The rest of the chapters go on to suggest similarly incredible and fascinating ideas. Perhaps the most interesting are chapters 4 and 5 by Nicholas Humphrey (a grand nephew of John Maynard Keynes) and Horace Barlow, both of them well known neuroscientists. Barlow and Humphrey's central thesis is that consciousness arose as an evolutionary novelty in animals for promoting interactions - cooperation, competition, gregariousness and other forms of social communication. In this view, consciousness was an accidental byproduct of primitive neural processes that was then selected by natural selection to thrive because of its key role in facilitating interactions. This raises more interesting questions: Would non-social animals then lack consciousness? The other big question in my mind was, how can we even define "non-social" animals: after all, even bacteria, not to mention more advanced yet primitive creatures (by human standards) like slime molds and ants evidence superior modes of social communication. In what sense would these creatures be conscious, then? Because the volume was written in 1978, it does not discuss Giulio Tononi's "integrated information theory" and Christof Koch's ideas about consciousness existing on a continuum, but the above mentioned ideas certainly contain trappings of these concepts.

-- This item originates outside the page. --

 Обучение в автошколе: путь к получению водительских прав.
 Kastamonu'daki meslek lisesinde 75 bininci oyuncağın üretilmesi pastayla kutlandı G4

There is finally an utterly fascinating discussion of an evolutionary approach to free will,. It states in a nutshell that free will is a biologically useful delusion. This is not the same as saying that free will is an *illusion*. In this definition, free will arose as a kind of evolutionary trick to ensure survival. Without free will, humans would have no sense of controlling their own fates and environments, and this feeling of lack of control would not only detrimentally impact their day to day existence and basic subsistence but impact all the long-term planning, qualities and values that are the hallmark of Homo sapiens. A great analogy that the volume provides is with the basic instinct of hunger. In an environment where food was infinitely abundant, a creature would be free from the burden of choice. So why was hunger "invented"? In Ramachandran's view, hunger was invented to explore the environment around us; similarly, the sensation of free will was "invented" to allow us to plan for the future, make smart choices and even pursue terribly important and useful but abstract ideas like "freedom" and "truth". It allows us to make what Jacob Bronowski called "unbounded plans". In an evolutionary framework, "those who believed in their ability to will survived and those who did not died out."

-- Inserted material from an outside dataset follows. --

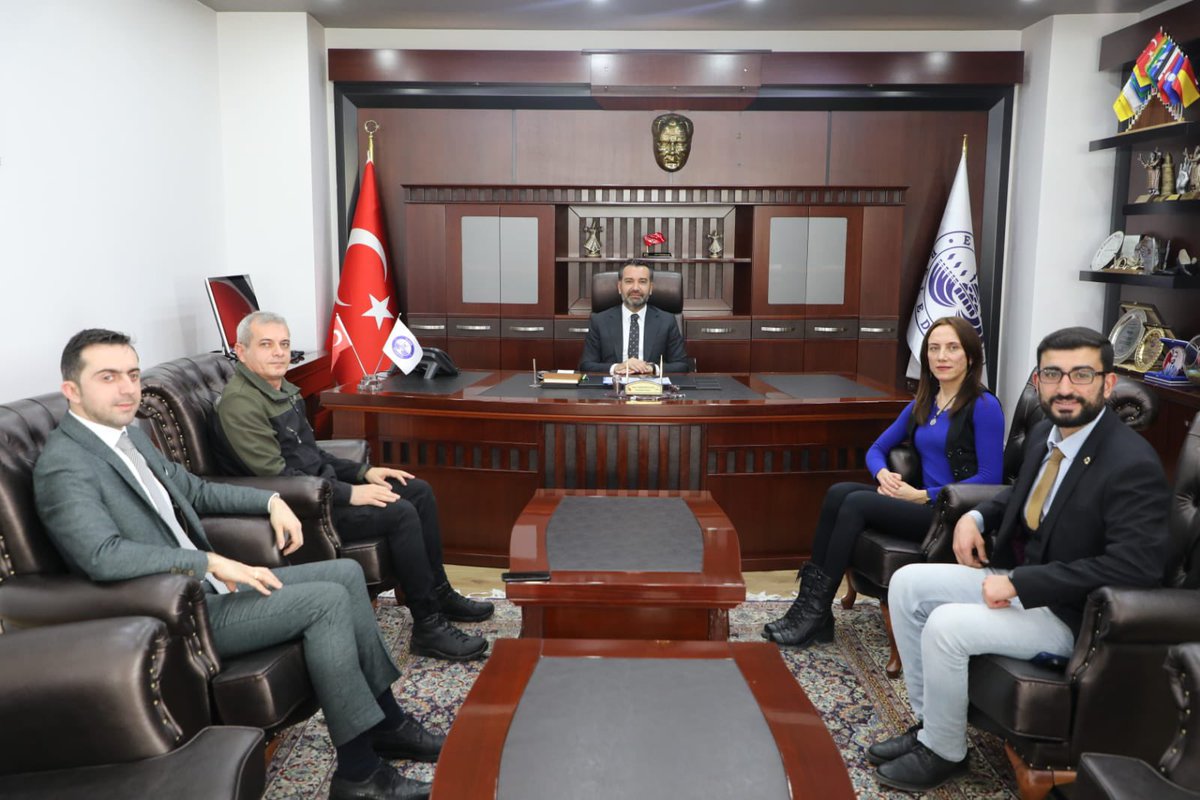 Elazığ Medya İnternet Yayıncıları ve Gazeteciler Derneği Yönetim Kurulu Üyelerine nazik ziyaretlerinden dolayı teşekkür ediyorum.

Is there any support for this hypothesis? As Ramachandran points, there is at least one simple but very striking natural experiment that lends credence to the view of free will being an evolutionarily useful biological delusion. People who are depressed are well known to lack a feeling of control over their environment. In extreme cases this feeling can lead to significantly reduced mortality and death from suicide. Clearly there is at least one group of people in which the lack of a freedom to will can have disastrous consequences if not corrected.

I can go on about the other fascinating arguments and essays of these proceedings. But even reading the amazing introduction by Ramachandran and a few of the essays should give the reader a taste of the sheer chutzpah and creativity demonstrated by these scientific heretics in going beyond the boundary of the known. May this tribe of scientific heretics thrive and grow.